Step 2: Configure ASM gateway rules

Create a Gateway resource to enable HTTP traffic on port 8080 of the ASM ingress gateway.

  1. Create a file named gateway.yaml with the following content.

       apiVersion: networking.istio.io/v1
       kind: Gateway
       metadata:
         name: llm-inference-gateway
         namespace: default
       spec:
         selector:
           istio: ingressgateway
         servers:
           - hosts:
               - '*'
             port:
               name: http-service
               number: 8080
               protocol: HTTP
  2. Apply the Gateway resource.

       kubectl apply -f gateway.yaml

Step 3: Configure routing and load balancing for the LLM inference service

Note

To compare LLM-aware load balancing against traditional load balancing, complete the steps in (Optional) Compare with traditional load balancing before proceeding.

This step creates three resources that connect the ASM gateway to your vLLM backends with LLM-aware routing:

ResourcePurpose
InferencePoolGroups vLLM Pods by label selector and specifies the inference port
InferenceModelMaps model names from the request body to backend Pods and defines traffic distribution
LLMRouteConnects the ASM gateway to the InferencePool for LLM-aware routing

Enable LLM inference routing

Run the following command using the kubeconfig of your ASM instance:

kubectl patch asmmeshconfig default --type=merge \
  --patch='{"spec":{"gatewayAPIInferenceExtension":{"enabled":true}}}'

Create the InferencePool

The InferencePool groups vLLM Pods by label selector and specifies the inference port.

  1. Create a file named inferencepool.yaml with the following content.

    FieldDescription
    .spec.targetPortNumberThe port on each Pod that serves inference requests
    .spec.selectorLabel selector matching inference Pods.
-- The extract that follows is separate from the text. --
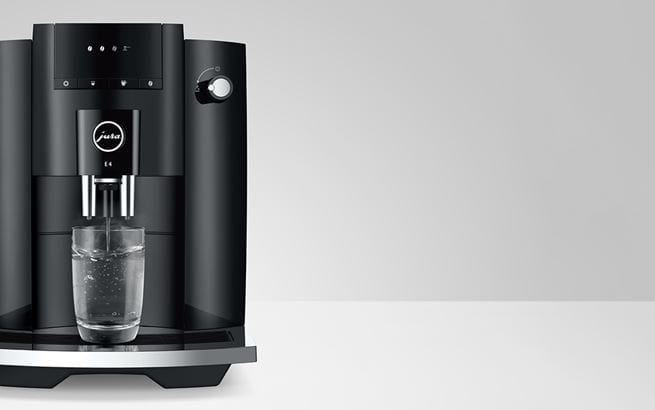 Jura Máquina de café automática E4 (blanco piano) con  filtración de agua CLEARYL Smart+, 6 tabletas de limpieza y café de grano  entero East Coast Blend (4 artículos) : Hogar y Cocina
The key must be app and the value must match the corresponding Service name
       apiVersion: inference.networking.x-k8s.io/v1alpha1
       kind: InferencePool
       metadata:
         name: vllm-llama2-7b-pool
       spec:
         targetPortNumber: 8000
         selector:
           app: vllm-llama2-7b-pool
  2. Apply the InferencePool using the kubeconfig of the data plane cluster.
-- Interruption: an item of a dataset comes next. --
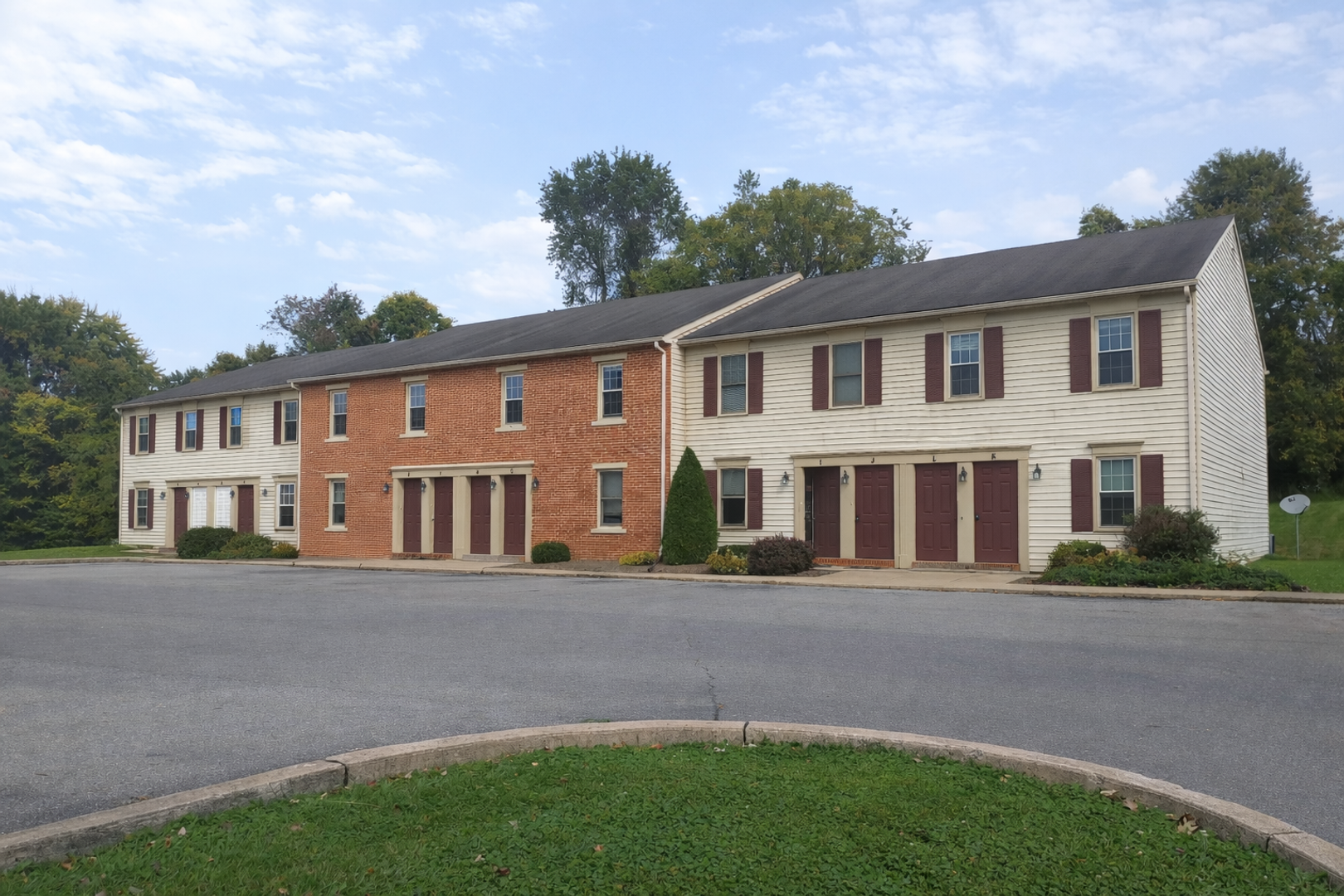 Lancaster Apartment: 405 Judie Lane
       kubectl apply -f inferencepool.yaml
  3. Verify that the InferencePool is active. The status should include Accepted=True and ResolvedRefs=True before you proceed.

       kubectl get inferencepool vllm-llama2-7b-pool -o yaml

Create the InferenceModel

The InferenceModel maps the model parameter in incoming requests to specific backend Pods and defines traffic distribution weights.

  1. Create a file named inferencemodel.yaml with the following content.

    FieldDescription
    .spec.modelNameMatches the model parameter in the request body
    .spec.targetModelsDefines traffic routing rules. In this example, all requests with model: tweet-summary route to Pods running that model
       apiVersion: inference.networking.x-k8s.io/v1alpha1
       kind: InferenceModel
       metadata:
         name: inferencemodel-sample
       spec:
         modelName: tweet-summary
         poolRef:
           group: inference.networking.x-k8s.io
           kind: InferencePool
           name: vllm-llama2-7b-pool
         targetModels:
         - name: tweet-summary
           weight: 100
  2. Apply the InferenceModel.

       kubectl apply -f inferencemodel.yaml
  3. Verify that the InferenceModel is active. The status should include Accepted=True and ResolvedRefs=True.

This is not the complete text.